#### Data provided
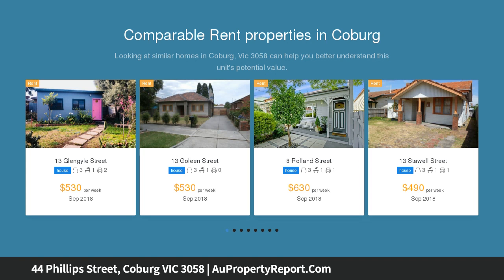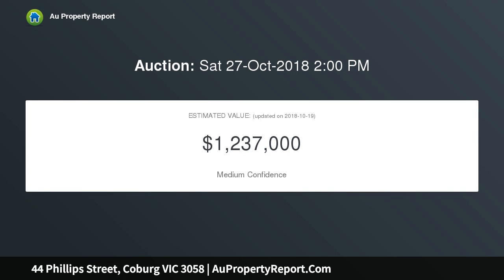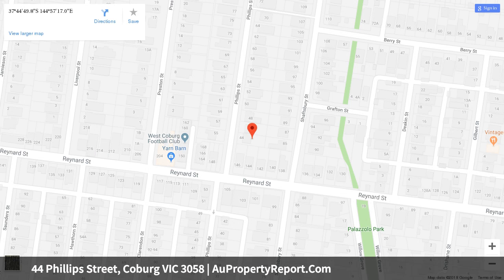Set across a substantial allotment of approximately 460 square meters, it comprises two spacious bedrooms, a central bathroom, separate lounge and dining room, plus a central kitchen. A bay window, gas heating, wide side drive, storage shed, plus a lock-up garage all complete this outstanding package.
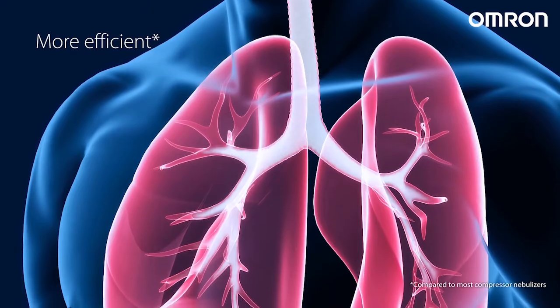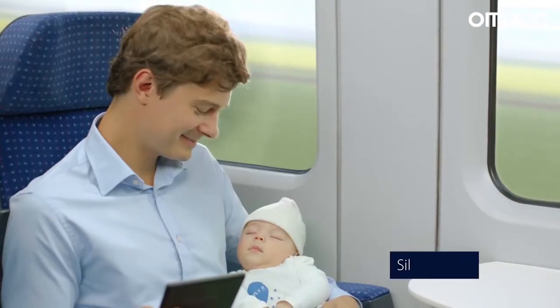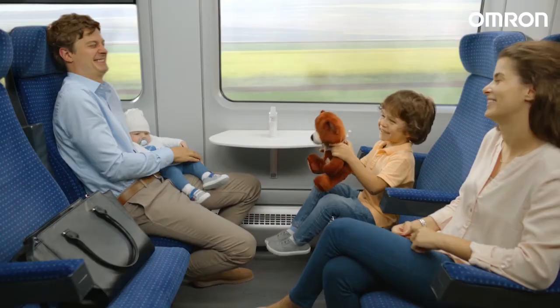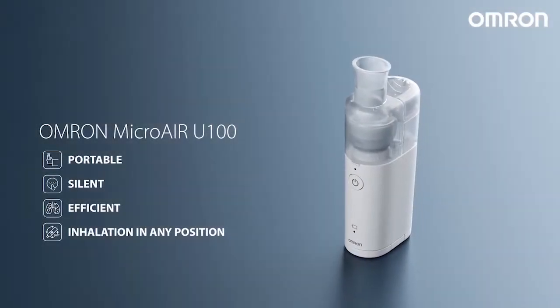It operates almost silently and can be held in any position — laying down or sitting up. Now we're free to travel wherever we want in comfort, and able to treat his symptoms discreetly. All thanks to Omron Micro Air U100.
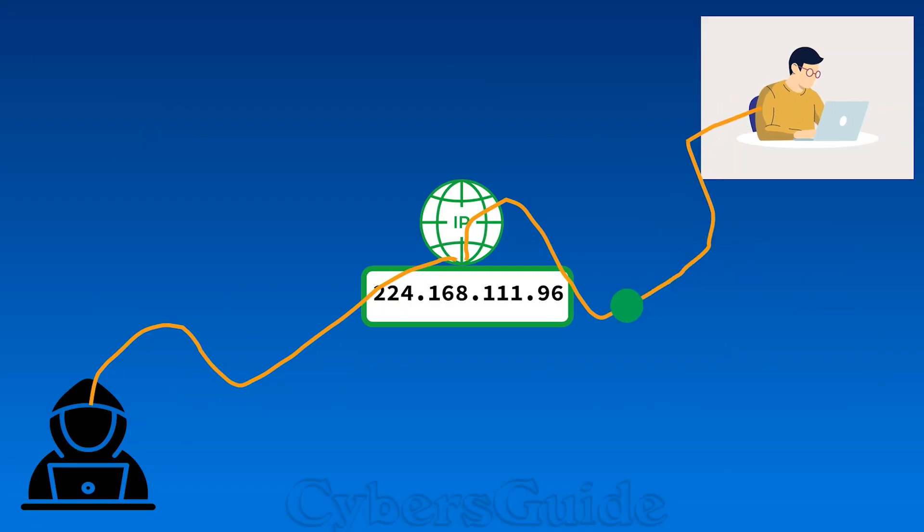Your IP address is a gateway to exploration. Let's explore the possibilities when hackers get your IP address. What do they do next?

#### Exercise
Without including any picture, set down every line above exactly as it stands.

#### Answer section
Set across a substantial allotment of approximately 460 square meters, it comprises two spacious bedrooms, a central bathroom, separate lounge and dining room, plus a central kitchen. A bay window, gas heating, wide side drive, storage shed, plus a lock-up garage all complete this outstanding package.
It operates almost silently and can be held in any position — laying down or sitting up. Now we're free to travel wherever we want in comfort, and able to treat his symptoms discreetly. All thanks to Omron Micro Air U100.
Your IP address is a gateway to exploration. Let's explore the possibilities when hackers get your IP address. What do they do next?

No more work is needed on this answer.